Image-caption web data
-=-=-=-=-

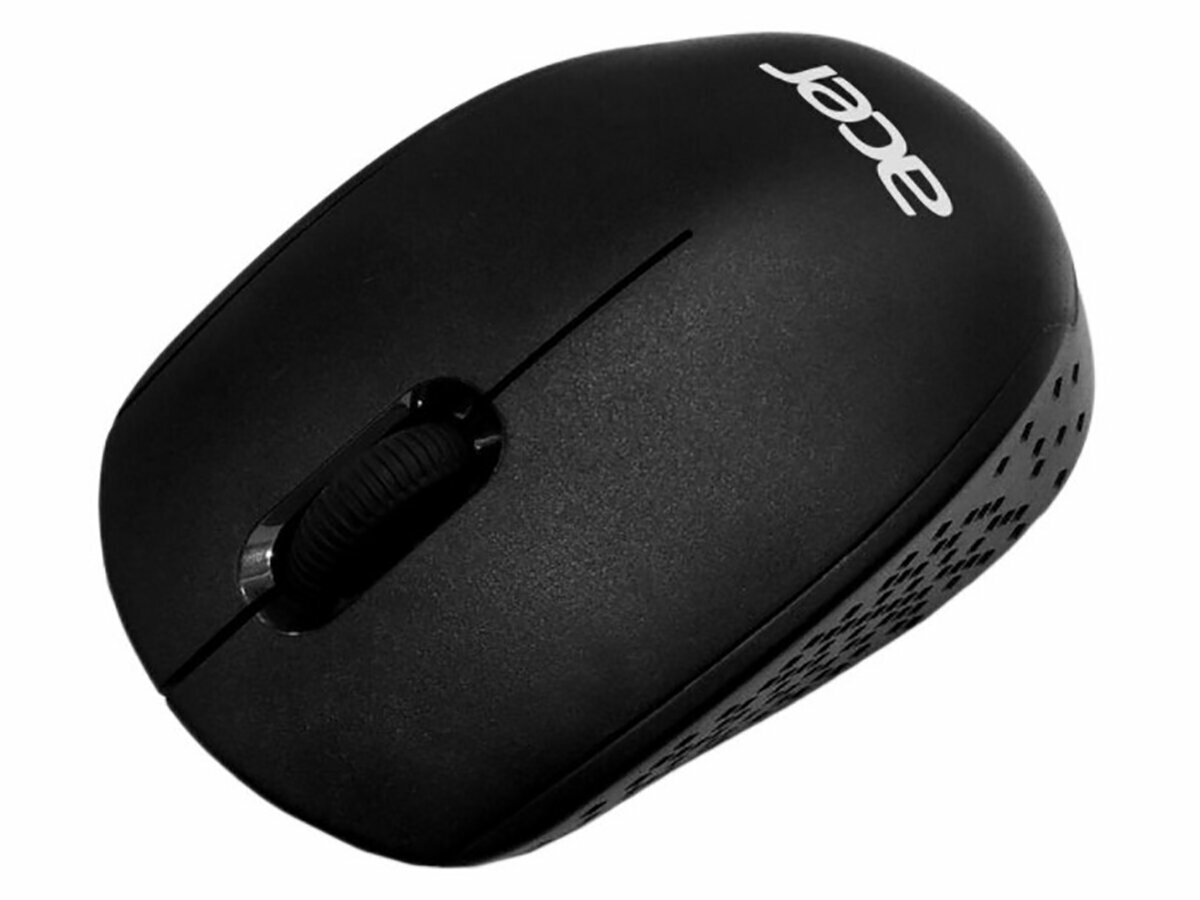 Беспроводная компактная мышь Acer OMR020
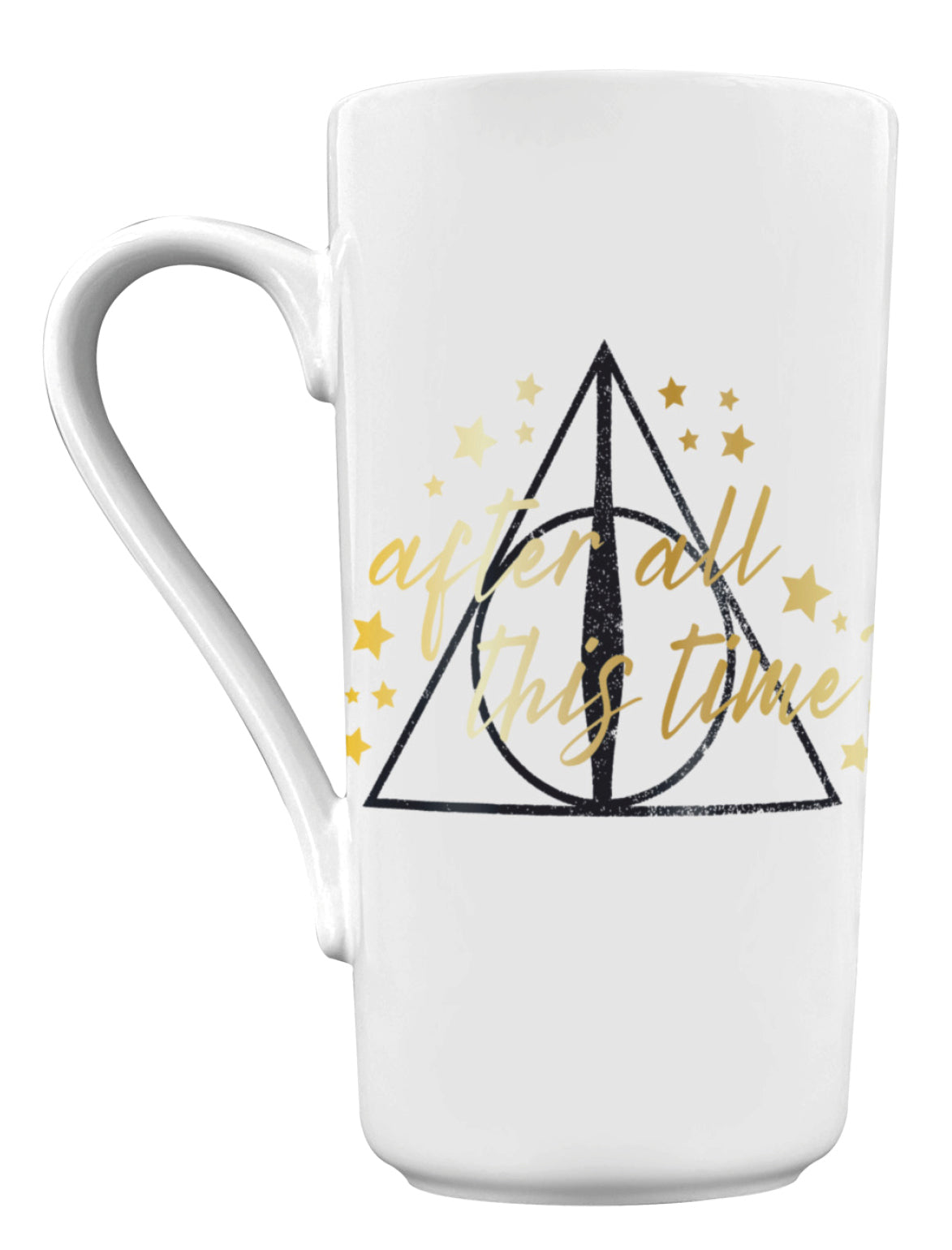 Harry Potter Whomping Willow Grande Mug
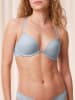 Triumph Bügel-BH in Hellblau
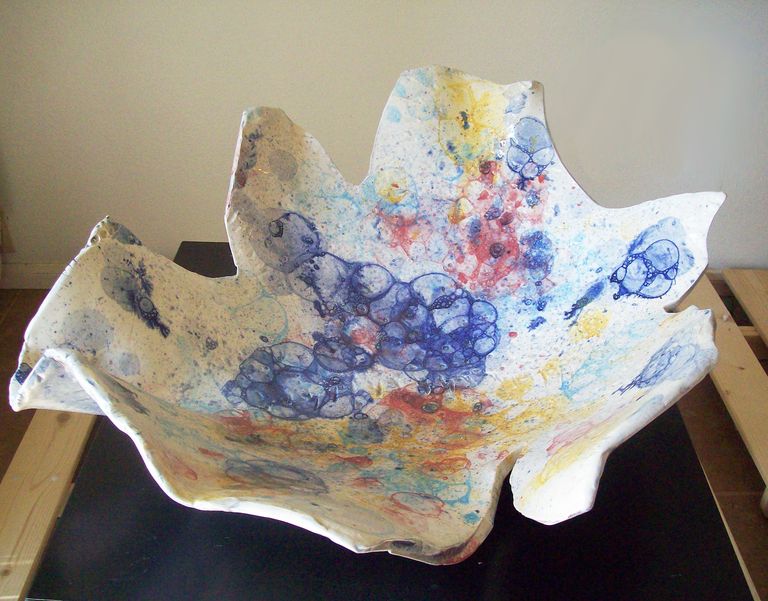 Peace Bowl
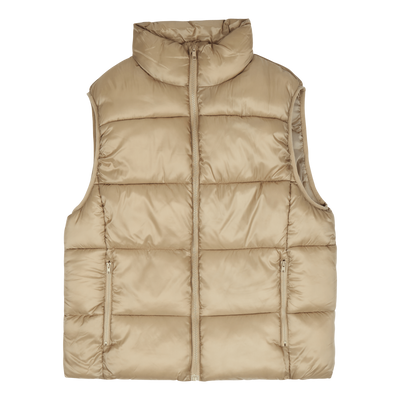 Studio Total Studio Total Recycled Puffer Vest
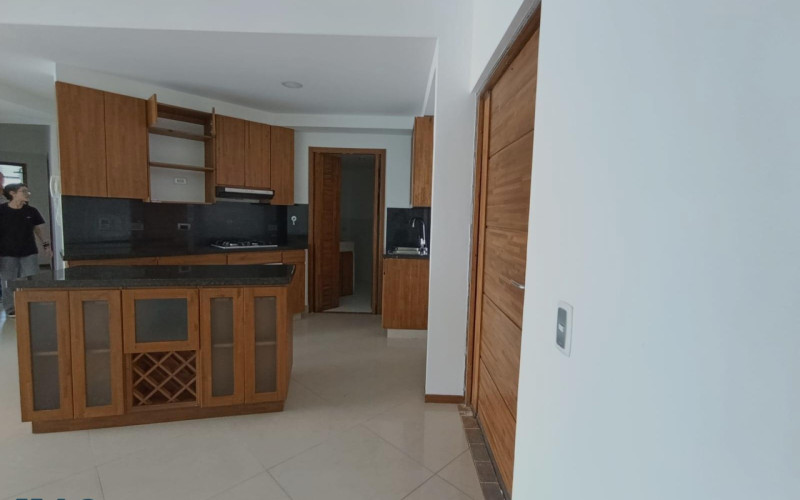 Apartamento en Sabaneta en Aves Marías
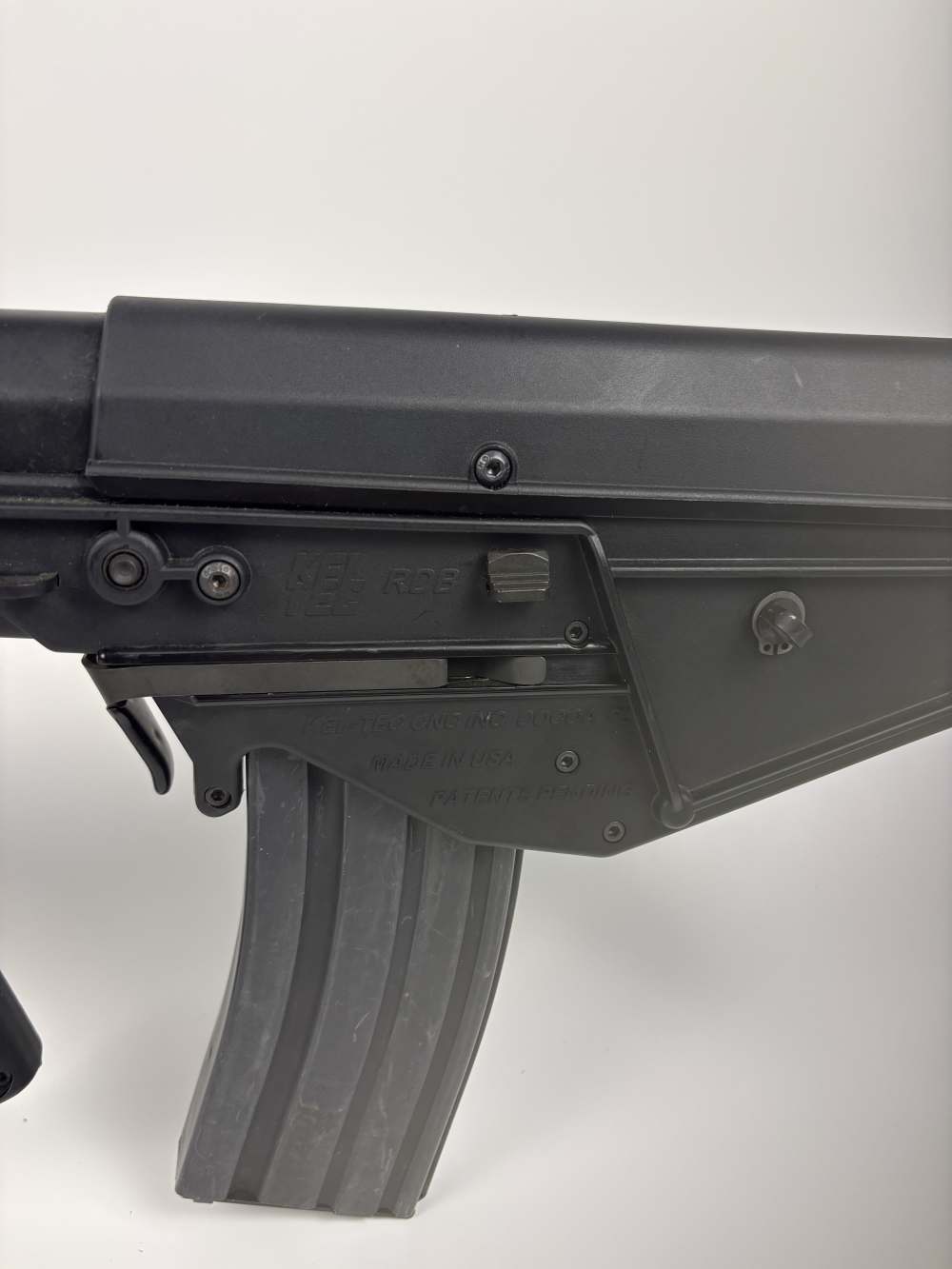 KELTEC RDB BULLPUP Rifle 556/223 -img-8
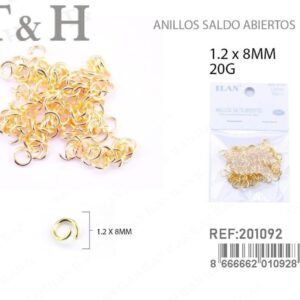 ANILLO DE LLAVERO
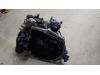 Gearbox from a Peugeot 207 SW (WE/WU) 1.6 16V 2009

-=-=-=-=-

Reproduce the lines of the data that run from the one containing "Apartamento en Sabaneta en Aves Marías" to the final line, both included, exactly as they appear and without the pictures.

 Apartamento en Sabaneta en Aves Marías
 KELTEC RDB BULLPUP Rifle 556/223 -img-8
 ANILLO DE LLAVERO
 Gearbox from a Peugeot 207 SW (WE/WU) 1.6 16V 2009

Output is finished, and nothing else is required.